Dataset records.
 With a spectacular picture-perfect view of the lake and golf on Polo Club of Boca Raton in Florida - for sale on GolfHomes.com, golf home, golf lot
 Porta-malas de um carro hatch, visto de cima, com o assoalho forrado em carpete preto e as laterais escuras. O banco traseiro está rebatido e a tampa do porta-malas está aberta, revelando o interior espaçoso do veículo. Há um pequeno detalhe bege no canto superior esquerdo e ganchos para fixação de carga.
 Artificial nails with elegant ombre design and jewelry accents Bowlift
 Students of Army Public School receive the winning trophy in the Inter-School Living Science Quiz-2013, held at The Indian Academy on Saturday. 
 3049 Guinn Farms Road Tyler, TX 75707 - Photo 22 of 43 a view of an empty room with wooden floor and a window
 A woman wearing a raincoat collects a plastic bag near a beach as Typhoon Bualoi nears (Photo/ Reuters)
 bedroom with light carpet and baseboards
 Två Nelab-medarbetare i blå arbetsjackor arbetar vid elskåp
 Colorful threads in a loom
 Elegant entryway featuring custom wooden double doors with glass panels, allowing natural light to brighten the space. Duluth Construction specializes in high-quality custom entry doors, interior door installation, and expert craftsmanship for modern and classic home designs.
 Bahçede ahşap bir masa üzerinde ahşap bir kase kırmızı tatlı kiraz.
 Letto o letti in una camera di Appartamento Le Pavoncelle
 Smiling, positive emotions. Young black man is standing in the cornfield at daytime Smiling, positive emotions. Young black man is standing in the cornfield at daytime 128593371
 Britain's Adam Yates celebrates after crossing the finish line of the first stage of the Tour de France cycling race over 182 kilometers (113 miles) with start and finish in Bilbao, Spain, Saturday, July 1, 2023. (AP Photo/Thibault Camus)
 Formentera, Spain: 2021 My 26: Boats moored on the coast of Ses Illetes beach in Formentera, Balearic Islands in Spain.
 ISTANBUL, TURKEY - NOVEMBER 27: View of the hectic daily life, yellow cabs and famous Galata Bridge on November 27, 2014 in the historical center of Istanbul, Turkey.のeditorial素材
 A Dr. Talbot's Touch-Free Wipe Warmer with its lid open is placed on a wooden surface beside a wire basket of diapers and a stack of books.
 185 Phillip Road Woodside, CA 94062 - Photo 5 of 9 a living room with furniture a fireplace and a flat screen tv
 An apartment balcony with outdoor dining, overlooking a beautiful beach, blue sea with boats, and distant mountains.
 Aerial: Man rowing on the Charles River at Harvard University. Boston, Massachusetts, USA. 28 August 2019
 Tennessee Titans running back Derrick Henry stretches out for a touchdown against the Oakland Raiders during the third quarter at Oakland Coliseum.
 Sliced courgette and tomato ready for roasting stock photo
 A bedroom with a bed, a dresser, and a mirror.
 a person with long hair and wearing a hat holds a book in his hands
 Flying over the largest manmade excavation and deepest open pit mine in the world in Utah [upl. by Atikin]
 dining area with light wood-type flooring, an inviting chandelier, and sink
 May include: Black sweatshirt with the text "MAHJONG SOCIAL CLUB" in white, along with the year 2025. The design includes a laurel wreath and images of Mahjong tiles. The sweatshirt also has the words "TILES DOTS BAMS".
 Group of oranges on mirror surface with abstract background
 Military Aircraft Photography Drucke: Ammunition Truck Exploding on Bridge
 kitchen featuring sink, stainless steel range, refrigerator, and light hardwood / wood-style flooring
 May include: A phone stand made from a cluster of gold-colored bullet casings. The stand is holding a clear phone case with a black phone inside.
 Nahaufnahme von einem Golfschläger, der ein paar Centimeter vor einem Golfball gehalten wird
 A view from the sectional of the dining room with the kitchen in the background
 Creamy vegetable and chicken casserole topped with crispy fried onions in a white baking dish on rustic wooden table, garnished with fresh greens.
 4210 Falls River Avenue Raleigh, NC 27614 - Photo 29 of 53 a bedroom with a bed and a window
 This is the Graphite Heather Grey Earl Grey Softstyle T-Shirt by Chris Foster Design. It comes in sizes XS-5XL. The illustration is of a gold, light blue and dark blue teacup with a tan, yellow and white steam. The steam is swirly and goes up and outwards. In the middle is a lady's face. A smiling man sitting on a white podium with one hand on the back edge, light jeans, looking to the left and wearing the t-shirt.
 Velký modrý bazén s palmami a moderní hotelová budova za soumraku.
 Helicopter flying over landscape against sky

What is expected.
Above is a listing; print exactly its lines from the one with "bedroom with light carpet and baseboards" through the one with "Letto o letti", and no other lines.

Response area.
 bedroom with light carpet and baseboards
 Två Nelab-medarbetare i blå arbetsjackor arbetar vid elskåp
 Colorful threads in a loom
 Elegant entryway featuring custom wooden double doors with glass panels, allowing natural light to brighten the space. Duluth Construction specializes in high-quality custom entry doors, interior door installation, and expert craftsmanship for modern and classic home designs.
 Bahçede ahşap bir masa üzerinde ahşap bir kase kırmızı tatlı kiraz.
 Letto o letti in una camera di Appartamento Le Pavoncelle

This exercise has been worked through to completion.